Previous studies have suggested adolescent users of progestin-only contraception are more likely to take antidepressants. Studies have also shown either no link between mood and contraceptive use, or that use of hormonal contraceptives was linked to better moods.

For the study, published in the journal JAMA Psychiatry, researchers analyzed data on 1,061,997 women collected between 1995 and 2013 as part of either the National Prescription Register or the Psychiatric Central Research Register in Denmark. The women had a median age of 24, and had no prior diagnosis for depression, had never redeemed a prescription for antidepressants, had not had other major psychiatric diagnoses, cancer or had infertility treatment.

The women were followed up with for an average of 6.4 years, during which 55 percent of women and adolescents were using or had used hormonal contraception.
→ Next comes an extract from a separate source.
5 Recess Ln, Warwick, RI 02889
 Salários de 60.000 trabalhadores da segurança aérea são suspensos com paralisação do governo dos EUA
Compared to nonusers, those who'd taken combined oral contraceptives were 1.23 times more likely for first use of an antidepressant and those on progestin-only pills were 1.34 times as likely.

Teen and adolescent girls on combined oral contraceptives were 1.8 times more likely to receive prescription antidepressants, girls on progestin-only pills were 2.2 times more likely and those using nonoral contraceptives had three times the risk for first use of an antidepressant.

While women are at twice the risk of men for depression, the researchers also note adolescent girls are at less risk for depression than their male counterparts, suggesting hormone contraceptives may be having an affect.

"Use of hormonal contraceptives was associated with subsequent antidepressant use and first diagnosis of depression at a psychiatric hospital among women living in Denmark," researchers wrote in the study. "Adolescents seemed more vulnerable to this risk than women 20 to 34 years old. Further studies are warranted to examine depression as a potential adverse effect of hormonal contraceptive use."